Cloud Native Blog - Container Solutions

Analyze Then Store? You’re Kidding Right?

Written by Simon Crosby | Nov 30, 2021 11:27:40 AM

If I bumped into Zuck’s avatar at the virtual water cooler I’d quit on the spot. But the recent name change at Facebook, Microsoft’s enthusiasm, Nvidia’s Omniverse and broader industry support mean we should at least peel back the lid on the “metaverse” to see what the fuss is about.

Spoiler alert: It’s not VR. Collaboration with your colleagues’ avatars may yet become a thing, but you’d be right to point to Microsoft’s Hololens or Meta’s AR glasses and say “We’ve seen this (train wreck) before”. Perhaps the seductive simplicity of the virtual world is an excuse to avoid the awkward realities of the physical.

But if, like me, you’re sceptical, there is still a powerful lesson in the metaverse and its avatars: There is a much better way to build enterprise apps. Apps that always stay in-sync with the real world. Avatars are digital twins of people, and if virtual Zuck doesn’t move in sync with real Zuck’s voice, that’s extra creepy. So, if we can make avatars move in-sync with humans, how come you can’t see your supply chain in real time? How come you can’t see the wedged load-balancer that’s bringing your site to its knees, and kick it (virtually, with your foot) to restart it? How come it didn’t get restarted automatically, then tell you? There’s no reason that the concepts and tech that make the metaverse work shouldn’t be applied to every enterprise product and process, and all infrastructure. After all, it’s all highly instrumented and controllable.

I aim to show you how your streams of events can be used to build and dynamically update digital twins of your “things” (instead of avatars) that analyze, learn and predict as data flows. These digital twins that learn can accelerate decisions from days to milliseconds. They can debug complex infrastructure problems, surface safety issues, anticipate problems and help organizations run more efficiently. And, like Zuck’s avatar, they always stay in-sync with the real world—an absolute requirement for the next level of automation. We can use them to build apps that decide, respond to the physical world, and then tell humans what they have done.

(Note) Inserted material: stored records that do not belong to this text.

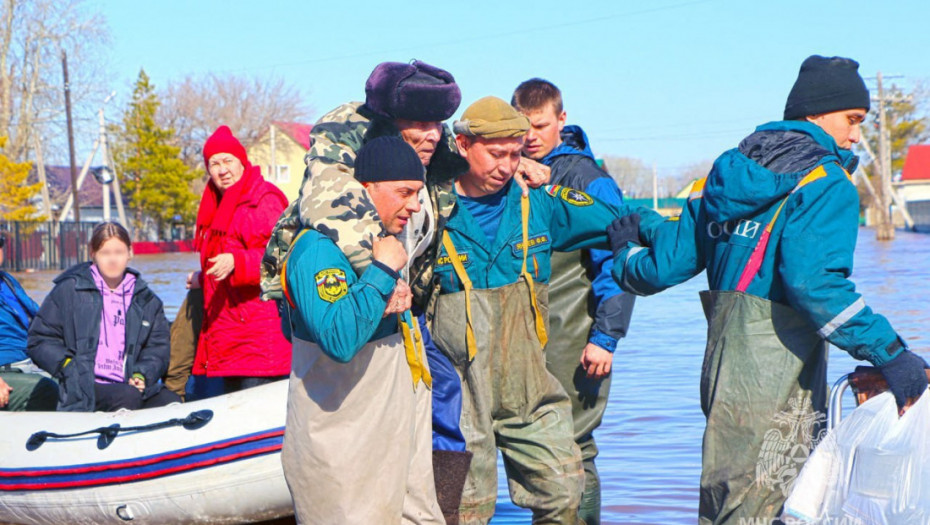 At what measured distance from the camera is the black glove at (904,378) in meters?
3.02

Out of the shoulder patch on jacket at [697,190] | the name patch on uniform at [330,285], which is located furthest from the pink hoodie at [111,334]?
the shoulder patch on jacket at [697,190]

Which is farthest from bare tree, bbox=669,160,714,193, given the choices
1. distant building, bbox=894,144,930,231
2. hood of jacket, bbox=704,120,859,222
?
hood of jacket, bbox=704,120,859,222

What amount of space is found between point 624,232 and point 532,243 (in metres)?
0.37

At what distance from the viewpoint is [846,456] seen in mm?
3084

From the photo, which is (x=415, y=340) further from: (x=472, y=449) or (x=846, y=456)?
(x=846, y=456)

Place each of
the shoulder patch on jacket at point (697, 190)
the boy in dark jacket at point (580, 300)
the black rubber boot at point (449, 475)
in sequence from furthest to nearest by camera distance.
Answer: the boy in dark jacket at point (580, 300) → the black rubber boot at point (449, 475) → the shoulder patch on jacket at point (697, 190)

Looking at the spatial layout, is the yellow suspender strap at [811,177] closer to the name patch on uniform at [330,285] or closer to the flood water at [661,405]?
the name patch on uniform at [330,285]

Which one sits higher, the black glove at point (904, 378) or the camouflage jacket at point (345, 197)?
the camouflage jacket at point (345, 197)

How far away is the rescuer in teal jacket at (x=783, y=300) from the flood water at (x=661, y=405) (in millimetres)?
2399

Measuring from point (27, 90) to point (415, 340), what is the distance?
44788 mm

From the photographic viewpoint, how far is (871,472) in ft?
9.95

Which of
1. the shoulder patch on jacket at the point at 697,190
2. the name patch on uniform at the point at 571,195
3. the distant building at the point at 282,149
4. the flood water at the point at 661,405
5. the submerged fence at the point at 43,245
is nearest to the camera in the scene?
the shoulder patch on jacket at the point at 697,190

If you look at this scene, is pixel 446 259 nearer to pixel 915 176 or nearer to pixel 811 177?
pixel 811 177

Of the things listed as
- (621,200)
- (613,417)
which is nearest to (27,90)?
(613,417) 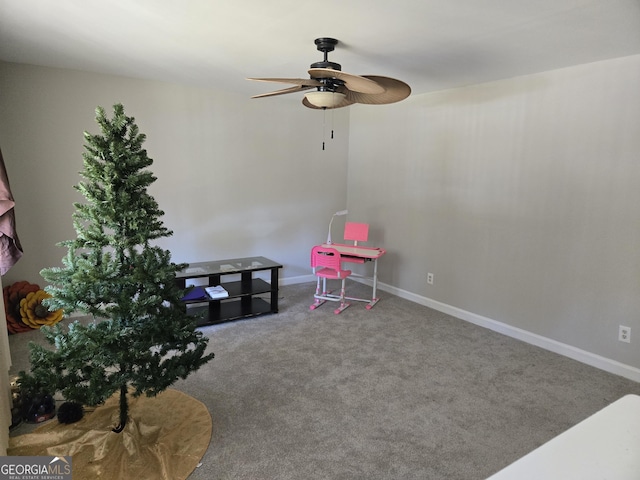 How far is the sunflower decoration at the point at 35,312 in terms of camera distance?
11.3 feet

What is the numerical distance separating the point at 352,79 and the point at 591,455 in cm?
197

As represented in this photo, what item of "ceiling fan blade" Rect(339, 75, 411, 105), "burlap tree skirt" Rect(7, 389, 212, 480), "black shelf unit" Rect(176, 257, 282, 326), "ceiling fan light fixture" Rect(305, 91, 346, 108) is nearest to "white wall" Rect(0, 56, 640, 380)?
"black shelf unit" Rect(176, 257, 282, 326)

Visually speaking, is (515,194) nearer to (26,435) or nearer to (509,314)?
(509,314)

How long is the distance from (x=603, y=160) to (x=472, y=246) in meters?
1.37

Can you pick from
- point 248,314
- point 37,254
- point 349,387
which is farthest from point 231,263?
point 349,387

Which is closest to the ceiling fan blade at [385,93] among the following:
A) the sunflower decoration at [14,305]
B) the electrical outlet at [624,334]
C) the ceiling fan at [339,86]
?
the ceiling fan at [339,86]

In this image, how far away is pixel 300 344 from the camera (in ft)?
11.4

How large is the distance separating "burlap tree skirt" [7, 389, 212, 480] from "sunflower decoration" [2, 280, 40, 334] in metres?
1.68

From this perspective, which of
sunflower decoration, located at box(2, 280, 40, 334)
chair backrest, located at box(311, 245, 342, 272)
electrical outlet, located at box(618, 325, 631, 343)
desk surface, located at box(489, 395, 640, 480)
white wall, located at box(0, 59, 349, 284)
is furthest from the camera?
chair backrest, located at box(311, 245, 342, 272)

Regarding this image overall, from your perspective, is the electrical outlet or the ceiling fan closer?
the ceiling fan

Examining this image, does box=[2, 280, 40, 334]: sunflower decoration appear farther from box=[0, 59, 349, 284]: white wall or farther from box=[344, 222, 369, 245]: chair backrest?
box=[344, 222, 369, 245]: chair backrest

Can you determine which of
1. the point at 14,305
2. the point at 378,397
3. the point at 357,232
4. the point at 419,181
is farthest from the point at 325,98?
the point at 14,305

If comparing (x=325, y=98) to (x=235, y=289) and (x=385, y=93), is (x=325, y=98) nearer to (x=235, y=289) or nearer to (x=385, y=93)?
(x=385, y=93)

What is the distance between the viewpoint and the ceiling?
2.12 m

I’m going to dig into the architecture of an open source platform called Swim that lets you easily derive continuous intelligence from your event streams. The largest Swim application of which I’m aware analyzes over 4PB per day (10GB/s continuous) for a US mobile carrier, providing real-time insights into network performance for 150M devices. It uses only 40 servers, and delivers insights within 10ms.

Event Driven Analysis

Often architects think database-first—event data is spooled away on disk for later analysis. That’s a pattern we have to ditch, for many reasons:

  • Organizations aren’t just dealing with big data—they are drowning in boundless data. Applications need to analyze, learn, predict and respond on-the-fly, because it’s usually not possible to go back later. So, we need an “analyze, react and then store” approach.
Data volumes are often high and events may come from millions of sources that never stop, but the value of each event is short-lived. So events have to be immediately processed. Perhaps even more importantly, we have to quickly identify and predict changes in system state—changes to many event sources that are related in time or space.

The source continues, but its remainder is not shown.